Ford suffers defeat over shrinking board sizes
Confusion reigns as wording mistake dramatically broadens amendment's reach
Mayor Rob Ford suffered his first significant defeat in council Tuesday after his push to shrink the size of several city boards, agencies and cultural organizations came to an unsuccessful end.
Ford and his executive committee had submitted a motion to council that called for the reduction of the size of some city boards to nine members. The boards, which include the Toronto Zoo, the St. Lawrence Centre and the Library, currently range in size from 18 to 11 members.
The executive committee's motion also called for cutting the number of councillors on on those boards. The Library Board, for example, would go from having four councillors to one, while the proposal calls for only two councillors to sit on the Zoo board as opposed to the current six.
But an amendment introduced Tuesday by Coun. Adam Vaughan, a vocal Ford critic, set minimum sizes for all municipal boards, commissions and corporations at 11 members, including at least three city councillors.

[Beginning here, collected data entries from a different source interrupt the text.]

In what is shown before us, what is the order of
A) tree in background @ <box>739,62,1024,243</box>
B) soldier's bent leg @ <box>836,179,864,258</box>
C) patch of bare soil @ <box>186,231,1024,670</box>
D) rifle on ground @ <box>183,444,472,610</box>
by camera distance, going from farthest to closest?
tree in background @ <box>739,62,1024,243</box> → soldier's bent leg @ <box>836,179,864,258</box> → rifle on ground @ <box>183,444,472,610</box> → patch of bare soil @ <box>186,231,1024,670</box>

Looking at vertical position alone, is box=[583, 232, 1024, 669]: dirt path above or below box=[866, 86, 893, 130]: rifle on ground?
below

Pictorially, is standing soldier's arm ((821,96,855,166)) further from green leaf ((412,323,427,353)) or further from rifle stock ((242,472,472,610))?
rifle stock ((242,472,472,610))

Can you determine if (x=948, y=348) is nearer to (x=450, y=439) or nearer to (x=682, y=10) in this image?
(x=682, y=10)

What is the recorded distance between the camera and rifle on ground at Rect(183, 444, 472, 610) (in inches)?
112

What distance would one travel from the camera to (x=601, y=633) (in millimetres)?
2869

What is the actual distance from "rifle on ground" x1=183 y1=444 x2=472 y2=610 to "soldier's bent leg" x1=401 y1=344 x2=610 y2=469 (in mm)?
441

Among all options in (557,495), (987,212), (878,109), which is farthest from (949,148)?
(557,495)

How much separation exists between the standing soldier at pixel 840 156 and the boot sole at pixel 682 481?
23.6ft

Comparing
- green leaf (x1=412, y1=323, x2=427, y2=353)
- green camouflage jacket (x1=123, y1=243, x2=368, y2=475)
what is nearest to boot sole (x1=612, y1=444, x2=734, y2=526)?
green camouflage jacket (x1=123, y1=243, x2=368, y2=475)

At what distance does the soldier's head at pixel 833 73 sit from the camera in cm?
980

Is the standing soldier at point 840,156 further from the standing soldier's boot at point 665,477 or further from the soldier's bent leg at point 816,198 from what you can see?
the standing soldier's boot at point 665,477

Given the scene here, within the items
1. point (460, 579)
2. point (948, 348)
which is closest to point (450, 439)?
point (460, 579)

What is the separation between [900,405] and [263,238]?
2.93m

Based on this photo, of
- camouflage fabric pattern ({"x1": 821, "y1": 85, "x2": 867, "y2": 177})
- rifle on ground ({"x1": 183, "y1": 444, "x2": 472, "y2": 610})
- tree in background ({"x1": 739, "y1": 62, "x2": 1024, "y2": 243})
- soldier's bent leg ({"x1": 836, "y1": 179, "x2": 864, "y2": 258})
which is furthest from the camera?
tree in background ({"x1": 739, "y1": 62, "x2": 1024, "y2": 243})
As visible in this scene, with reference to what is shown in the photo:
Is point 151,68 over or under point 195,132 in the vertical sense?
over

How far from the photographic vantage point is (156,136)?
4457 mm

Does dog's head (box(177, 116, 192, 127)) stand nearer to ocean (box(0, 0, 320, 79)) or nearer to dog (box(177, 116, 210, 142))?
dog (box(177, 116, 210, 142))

His amendment passed 24-19.
"He tried to strip power from councillors, but more importantly tried to strip power from people in this city. He tried to limit their ability to participate in ... boards and commissions," Vaughan said.

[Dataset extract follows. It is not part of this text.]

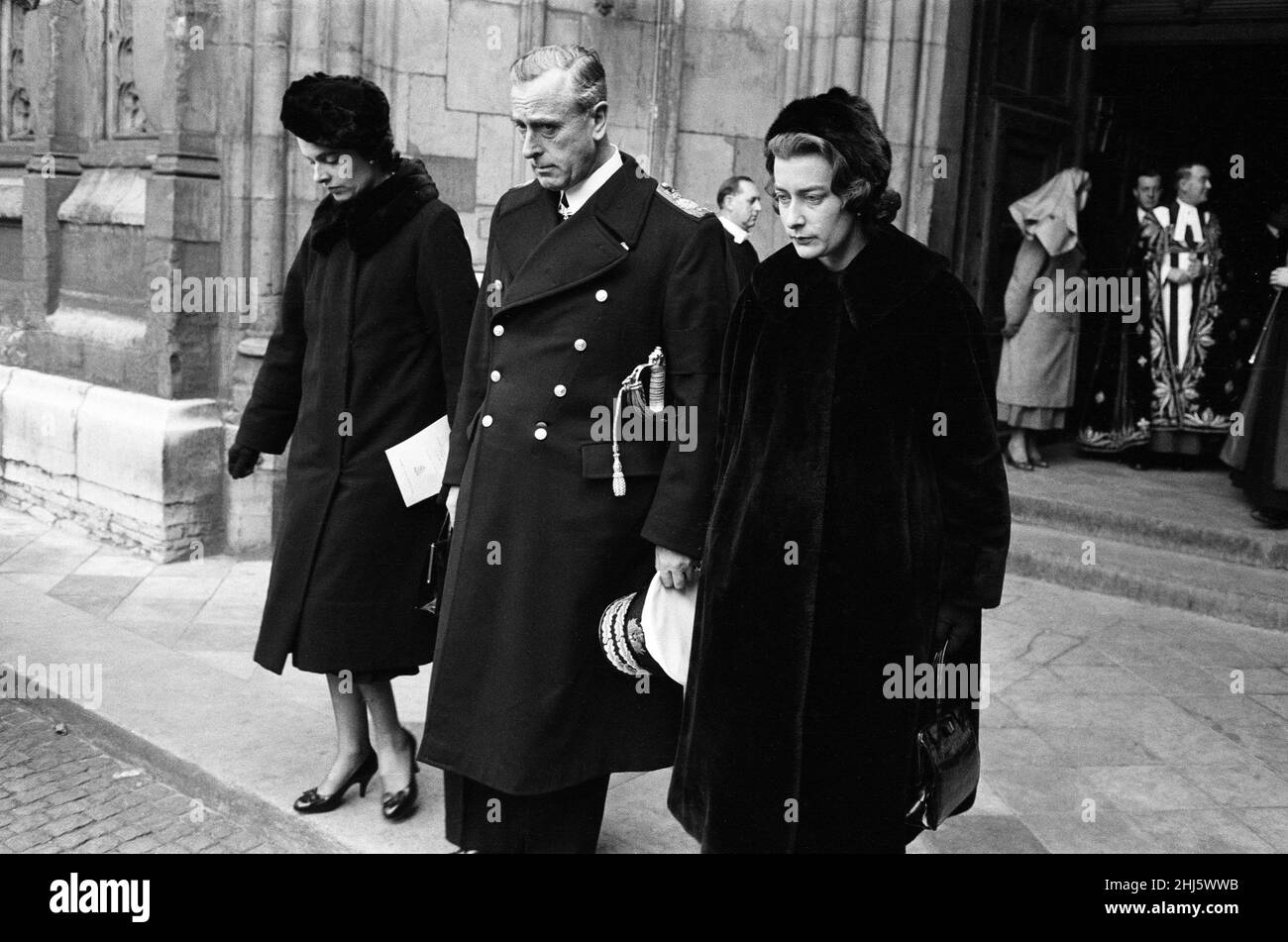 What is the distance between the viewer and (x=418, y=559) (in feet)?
12.9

"We've broadened that now, we've included more people and we've made sure that different parts of the city get represented in the vital agencies, boards and commissions of this city."
Item to be debated again to fix error
The amendment was supposed to only affect the boards targeted by Ford and his executive committee. But its wording inadvertently included all city agencies, including arena boards and dozens of business improvement areas.
The amendment would have to be reopened and debated to fix the glitch. But Ford ally Coun. Giorgio Mammolitti shot down any possibility of opening the debate to amend the mistake to exclude the scores of community boards.
"Many of us actually like the idea that this is happening by mistake," said Mammolitti on Tuesday. He said the move means suburban councillors sitting on downtwon boards, "which is wonderful."